Crawled caption data:
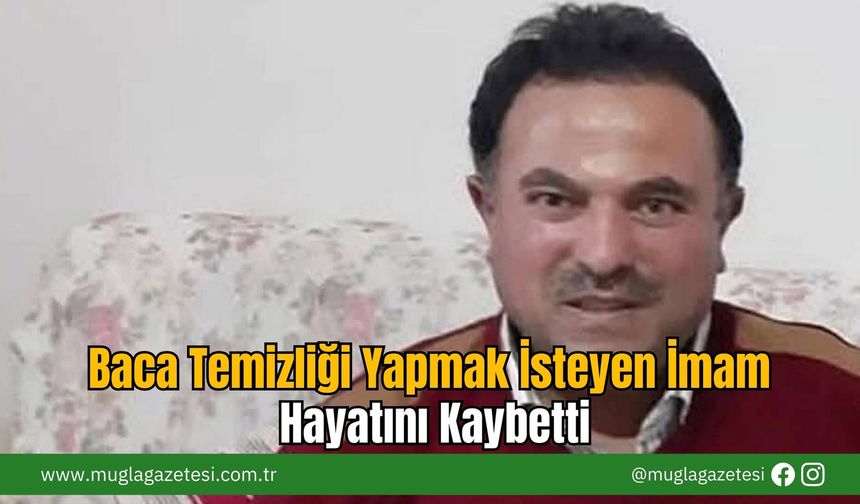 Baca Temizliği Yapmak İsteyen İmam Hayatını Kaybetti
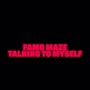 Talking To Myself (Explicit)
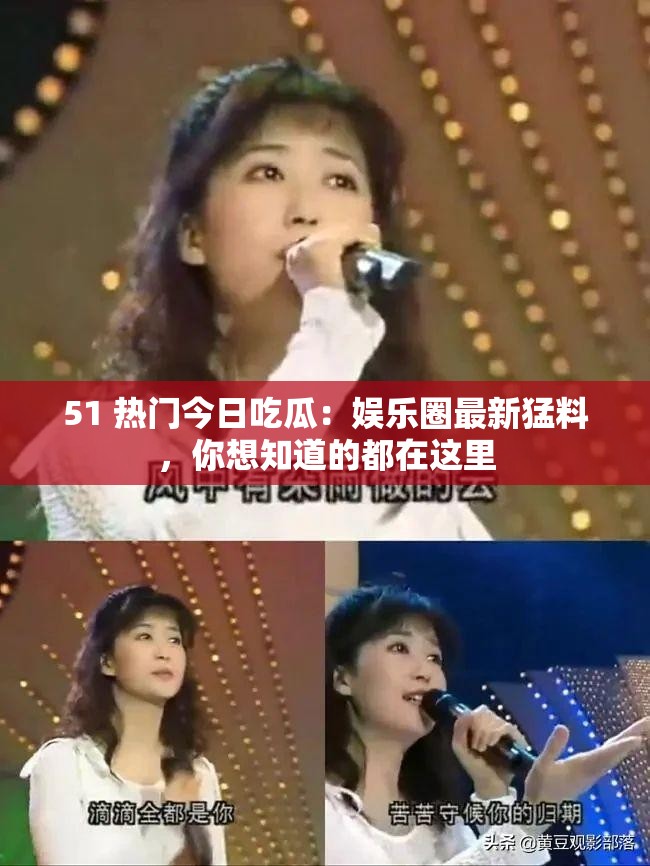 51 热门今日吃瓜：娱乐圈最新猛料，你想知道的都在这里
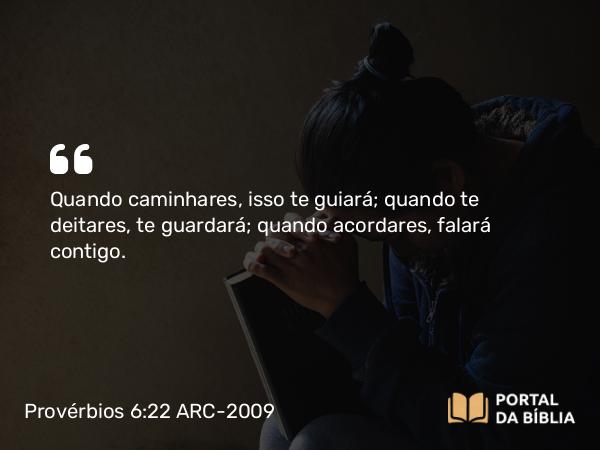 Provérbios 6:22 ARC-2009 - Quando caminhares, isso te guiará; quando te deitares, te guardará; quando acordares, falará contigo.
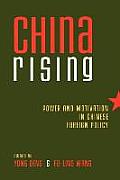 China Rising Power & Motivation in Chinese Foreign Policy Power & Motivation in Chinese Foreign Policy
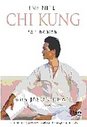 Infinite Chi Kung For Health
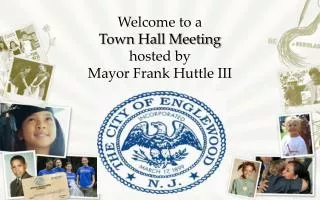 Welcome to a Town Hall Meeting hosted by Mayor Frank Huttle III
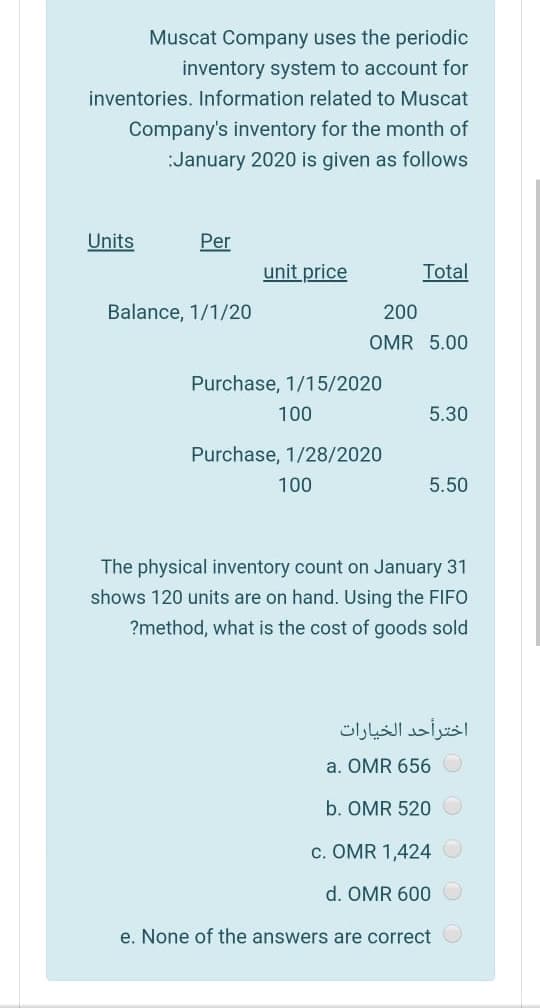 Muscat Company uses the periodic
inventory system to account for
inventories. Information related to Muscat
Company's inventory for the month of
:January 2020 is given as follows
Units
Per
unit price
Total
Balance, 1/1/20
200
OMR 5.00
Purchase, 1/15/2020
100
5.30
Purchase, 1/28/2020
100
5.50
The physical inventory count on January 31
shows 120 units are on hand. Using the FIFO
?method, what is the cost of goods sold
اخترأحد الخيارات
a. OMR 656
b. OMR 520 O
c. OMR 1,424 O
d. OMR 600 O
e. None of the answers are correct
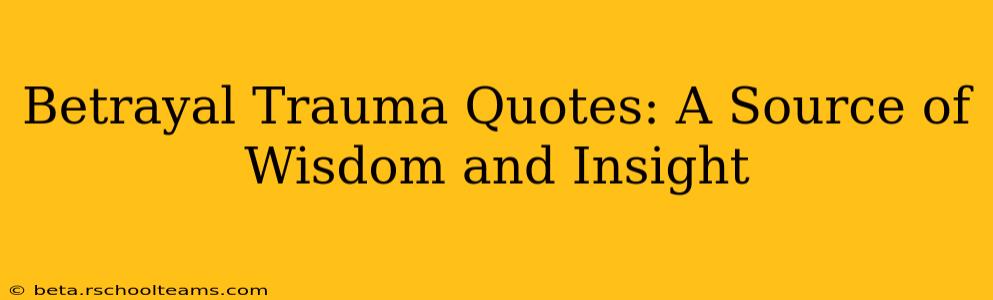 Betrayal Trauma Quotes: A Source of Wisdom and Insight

*TASK ITEM:* Reprint the data verbatim, pictures excluded.

*ANSWER BOX:*
 Baca Temizliği Yapmak İsteyen İmam Hayatını Kaybetti
 Talking To Myself (Explicit)
 51 热门今日吃瓜：娱乐圈最新猛料，你想知道的都在这里
 Provérbios 6:22 ARC-2009 - Quando caminhares, isso te guiará; quando te deitares, te guardará; quando acordares, falará contigo.
 China Rising Power & Motivation in Chinese Foreign Policy Power & Motivation in Chinese Foreign Policy
 Infinite Chi Kung For Health
 Welcome to a Town Hall Meeting hosted by Mayor Frank Huttle III
 Muscat Company uses the periodic
inventory system to account for
inventories. Information related to Muscat
Company's inventory for the month of
:January 2020 is given as follows
Units
Per
unit price
Total
Balance, 1/1/20
200
OMR 5.00
Purchase, 1/15/2020
100
5.30
Purchase, 1/28/2020
100
5.50
The physical inventory count on January 31
shows 120 units are on hand. Using the FIFO
?method, what is the cost of goods sold
اخترأحد الخيارات
a. OMR 656
b. OMR 520 O
c. OMR 1,424 O
d. OMR 600 O
e. None of the answers are correct
 Betrayal Trauma Quotes: A Source of Wisdom and Insight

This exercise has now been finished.